START Recorded information

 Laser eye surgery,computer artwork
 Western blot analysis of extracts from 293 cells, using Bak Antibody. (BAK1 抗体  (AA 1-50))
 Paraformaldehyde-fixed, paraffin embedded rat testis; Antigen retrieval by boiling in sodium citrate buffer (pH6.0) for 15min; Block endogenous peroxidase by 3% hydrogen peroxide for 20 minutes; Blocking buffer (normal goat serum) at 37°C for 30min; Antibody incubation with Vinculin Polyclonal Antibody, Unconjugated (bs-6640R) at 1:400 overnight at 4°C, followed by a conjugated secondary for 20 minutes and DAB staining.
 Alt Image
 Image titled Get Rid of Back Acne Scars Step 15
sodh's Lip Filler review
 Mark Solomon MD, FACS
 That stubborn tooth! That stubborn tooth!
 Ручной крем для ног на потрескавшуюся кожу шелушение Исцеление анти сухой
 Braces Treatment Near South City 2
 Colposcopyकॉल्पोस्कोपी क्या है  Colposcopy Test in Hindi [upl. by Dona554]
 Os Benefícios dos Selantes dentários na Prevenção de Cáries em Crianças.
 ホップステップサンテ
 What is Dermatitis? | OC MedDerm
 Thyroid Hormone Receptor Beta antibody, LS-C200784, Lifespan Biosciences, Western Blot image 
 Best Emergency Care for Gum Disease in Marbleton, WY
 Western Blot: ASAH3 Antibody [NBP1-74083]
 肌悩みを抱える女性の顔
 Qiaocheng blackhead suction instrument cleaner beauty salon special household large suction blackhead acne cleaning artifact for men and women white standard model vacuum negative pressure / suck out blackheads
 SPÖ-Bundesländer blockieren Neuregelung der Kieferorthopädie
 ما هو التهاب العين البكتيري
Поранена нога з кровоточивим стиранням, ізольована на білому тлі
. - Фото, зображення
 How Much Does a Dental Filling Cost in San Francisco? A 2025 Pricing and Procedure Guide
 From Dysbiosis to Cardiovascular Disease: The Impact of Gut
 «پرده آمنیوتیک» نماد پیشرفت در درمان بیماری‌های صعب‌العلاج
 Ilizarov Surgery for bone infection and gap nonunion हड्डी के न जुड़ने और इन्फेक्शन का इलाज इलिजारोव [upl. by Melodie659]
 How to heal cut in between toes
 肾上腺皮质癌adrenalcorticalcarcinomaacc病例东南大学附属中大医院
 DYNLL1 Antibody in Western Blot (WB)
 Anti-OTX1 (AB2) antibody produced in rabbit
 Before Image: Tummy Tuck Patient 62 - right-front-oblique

END Recorded information

### [What you need to do]
What you give back should be exactly the lines of the data above from the line with "Thyroid Hormone Receptor" through the line with "肌悩みを抱える女性の顔", both of those included, and nothing more.

### [Reply to the task]
 Thyroid Hormone Receptor Beta antibody, LS-C200784, Lifespan Biosciences, Western Blot image 
 Best Emergency Care for Gum Disease in Marbleton, WY
 Western Blot: ASAH3 Antibody [NBP1-74083]
 肌悩みを抱える女性の顔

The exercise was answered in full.